Milton Friedman from an essay " Is Capitalism Humane? "
American born to immigrant parents a Nobel Prize winner in 1976 for Economics, Milton Friedman died on Thursday, November 16, 2006. He was 94 years old.
Friedman wrote more than a dozen books. He believed in the principles of Adam Smith, 18th century economist; Friedman always contended that individual freedom is more important than economic policy. Friedman was seen as candid and controvertible, and his economic theories were often attacked by John Kenneth Galbraith of Harvard University and many other conventional economists.
Milton Friedman, also a recipient of the Presidential Medal of Freedom in 1988, has been described as a "public intellectual". His contributions to the field and study of economics-- macroeconomics, microeconomics, economic history and statistics was a proponent of the free market system, without government intervention, have influenced economic policy here in the United States as well as in other nations.

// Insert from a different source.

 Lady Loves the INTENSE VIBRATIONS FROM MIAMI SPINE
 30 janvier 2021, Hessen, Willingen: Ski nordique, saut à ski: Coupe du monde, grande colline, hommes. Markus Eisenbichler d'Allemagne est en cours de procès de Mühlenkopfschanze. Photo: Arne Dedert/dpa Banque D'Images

Friedman wrote a column for a national weekely news magazine, Newsweek magazine. During his career in the 1980s he even had a TV program on public television wherein he explained how the free market works. In the program he emphasized that capitalisms principles have proven to solve social and political problems where other systems have failed to competently address the same issues. The University of Chicago professor was the innovator of a school of economic and political thought that eventually became known as the Chicago school of economics. Friedman was a champion for individual freedom in economics and politics.
Most recently, Friedman, who is a graduate of Rutgers University, advocated, along with 500 other economists, the legalization of marijuana.